Auf den Widerspruch
des Herrn Arne Semsrott (Widerspruchsführer), Singerstraße 109, 10179 Berlin, gegen
den Bescheid des Bundesministeriums der Justiz (Widerspruchsgegner) vom 28. Februar 2023, Geschäftszeichen 145101#00002#0153
wegen Auskunft nach dem IFG
wird folgende Entscheidung getroffen:
1. Der Widerspruch wird zurückgewiesen.
2. Die Kosten des Widerspruchsverfahrens trägt der Widerspruchsführer.
3. Die Widerspruchsgebühr wird auf EUR 30,00 festgesetzt.
Begründung:
I.
Mit E-Mail vom 28. März 2023 bat der Widerspruchsführer über
www.fragdenstaat.de um Zugang zu folgenden Informationen:
„Den Veräußerungsvertrag zu juris (vgl. Frage 4, BT-Drucksache 20/6057). Personenbezogene Daten wie Unterschriften können geschwärzt werden.“ Mit Bescheid vom 18. April 2023 lehnte der Widerspruchsgegner den Antrag ab und führte zur Begründung aus, dass der Versagungsgrund nach § 3 Nr. 6 des Informationsfreiheitsgesetzes (IFG) entgegenstehe. Danach bestehe der Anspruch auf Informationszugang nicht, wenn das Bekanntwerden der Information geeignet wäre, fiskalische Interessen des Bundes im Wirtschaftsverkehr zu beeinträchtigen.
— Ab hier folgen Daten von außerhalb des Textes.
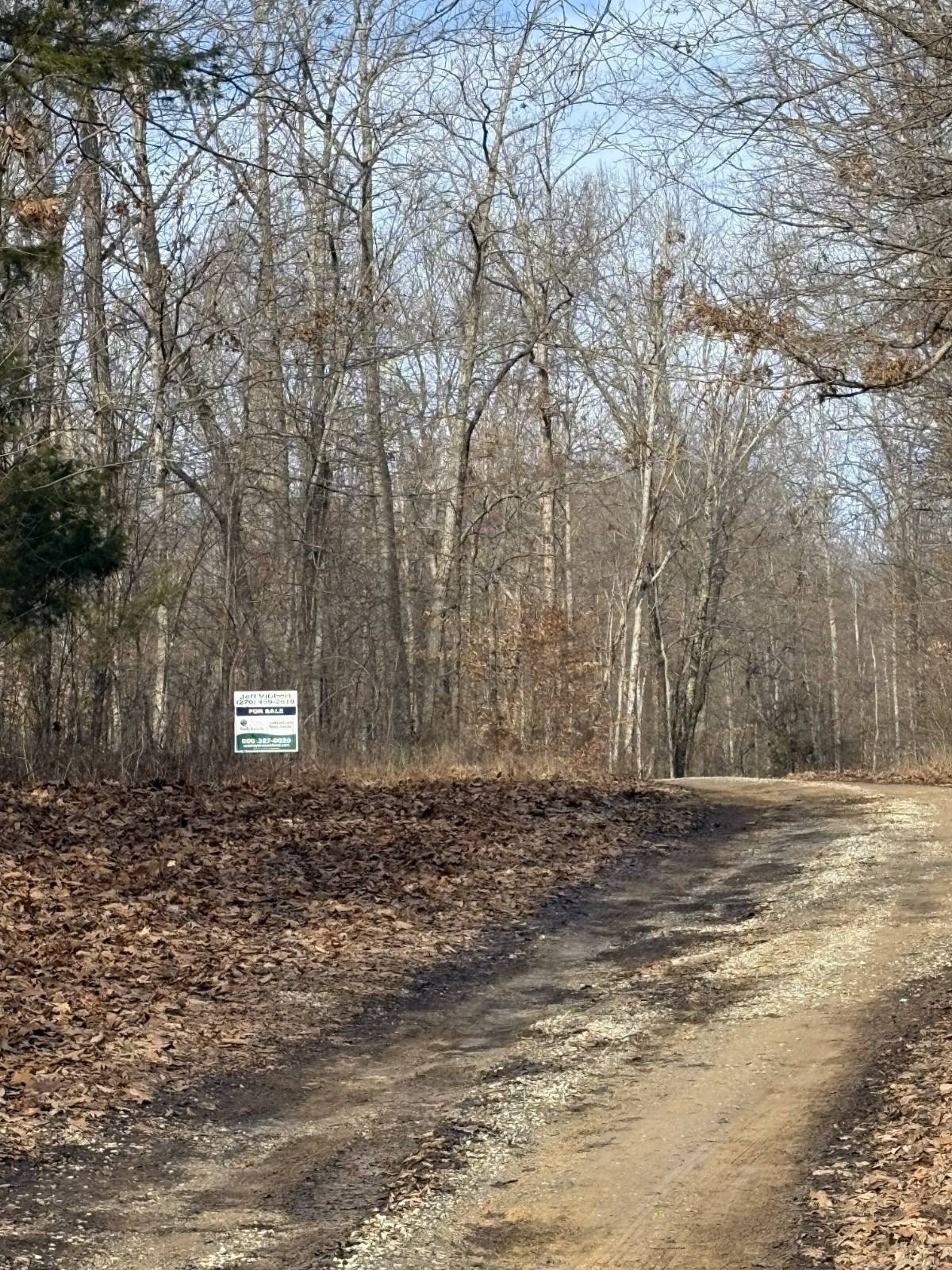 Land for Hunting and Building
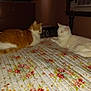 cat, orange_cat, white_cat, bed, floral_bedspread, indoor, pet, animal, feline, resting, two_animals, domestic_animal, furniture, quiet, nighttime, home, cozy, sleepy, cute, companions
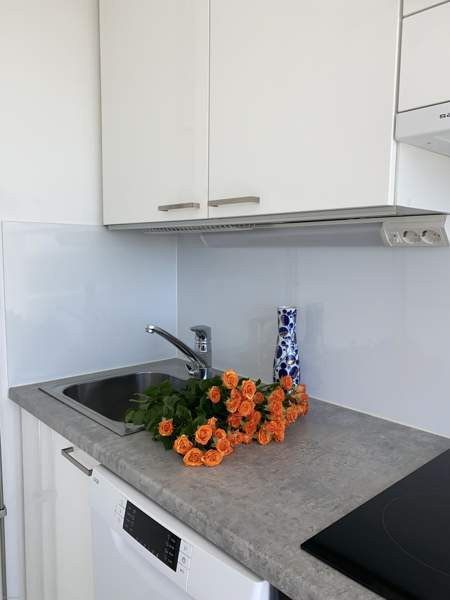 1 valoisa huone + keittiö + kylpyhuone + vaatehuon  Hyvinkää - valokuva 7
Der Bund werde nach Abschluss der Entflechtung die voliständige Privatisierung der juris GmbH prüfen und sei dabei nach § 63 Abs. 3 BHO
gehalten, seine Anteile nur zum vollen Wert zu veräußern. Dies könne durch die Herausgabe des Vertrags beeinträchtigt werden, weil der Vertrag auch Regelungen enthalte, die sich auf die Veräußerung der Bundesanteile auswirken könnten. Ein vorzeitiges Bekanntwerden des Vertrages könne dazu führen; den Kreis potentieller Kaufinteressenten einzuschränken oder die Ermittlung des Werts der Anteile des Bundes zu beeinträchtigen.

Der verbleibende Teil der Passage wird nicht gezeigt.